◆ Exercise prompt
Images don't belong in the copy. Output the rest of the data exactly.

◆ Material provided
☆ ☆ ☆ ☆ ☆ ☆ ☆
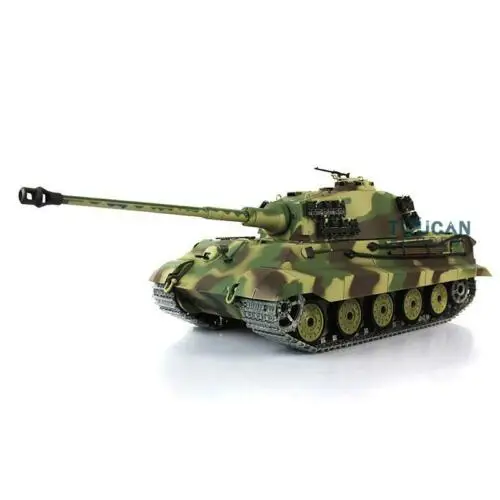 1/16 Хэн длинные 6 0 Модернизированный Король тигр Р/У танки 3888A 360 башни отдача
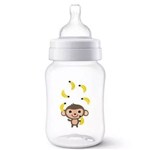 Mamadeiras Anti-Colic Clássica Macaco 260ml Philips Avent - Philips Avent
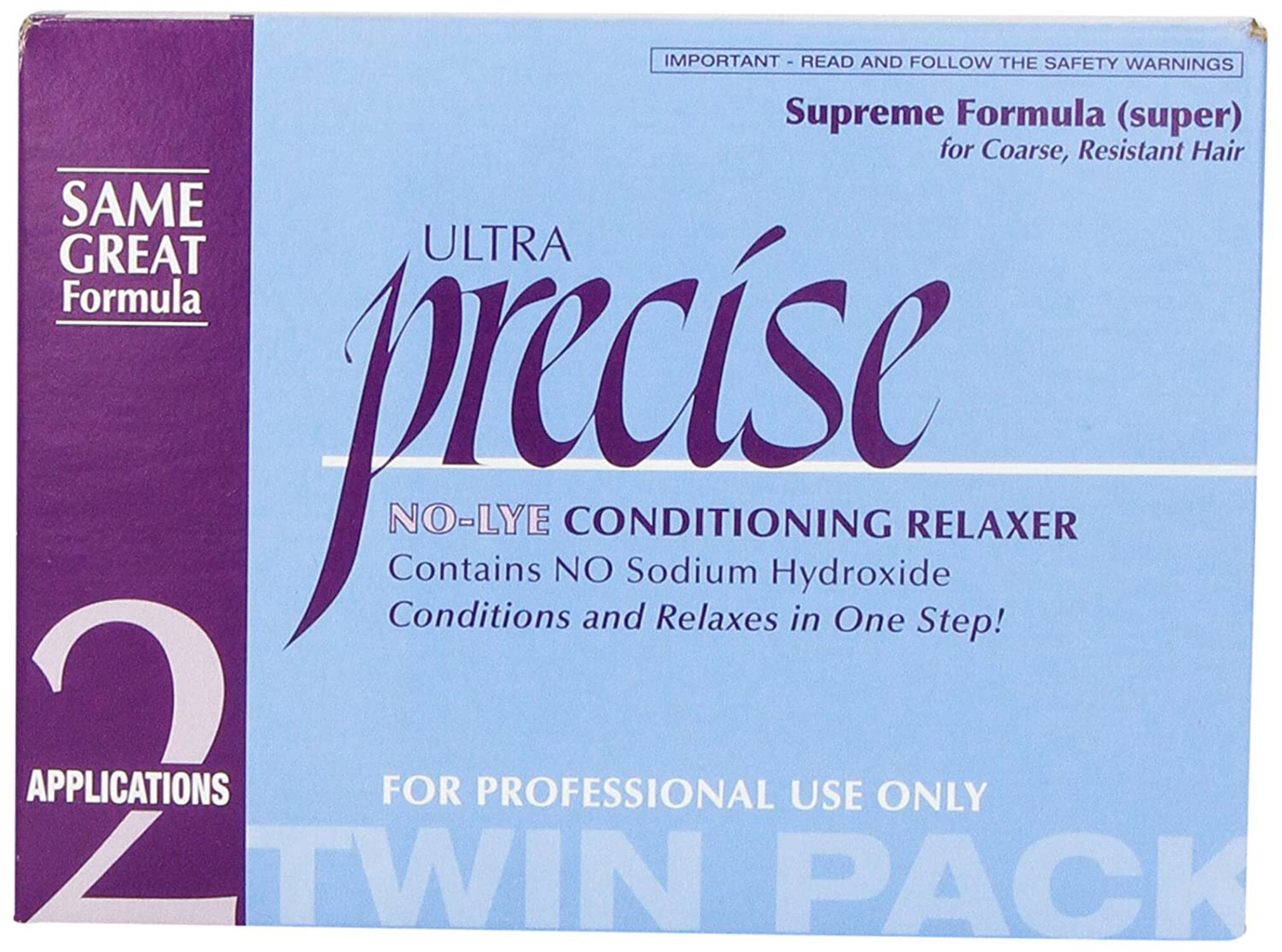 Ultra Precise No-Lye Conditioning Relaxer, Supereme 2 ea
☆ ☆ ☆ ☆ ☆ ☆ ☆
◆ Exercise solution
 1/16 Хэн длинные 6 0 Модернизированный Король тигр Р/У танки 3888A 360 башни отдача
 Mamadeiras Anti-Colic Clássica Macaco 260ml Philips Avent - Philips Avent
 Ultra Precise No-Lye Conditioning Relaxer, Supereme 2 ea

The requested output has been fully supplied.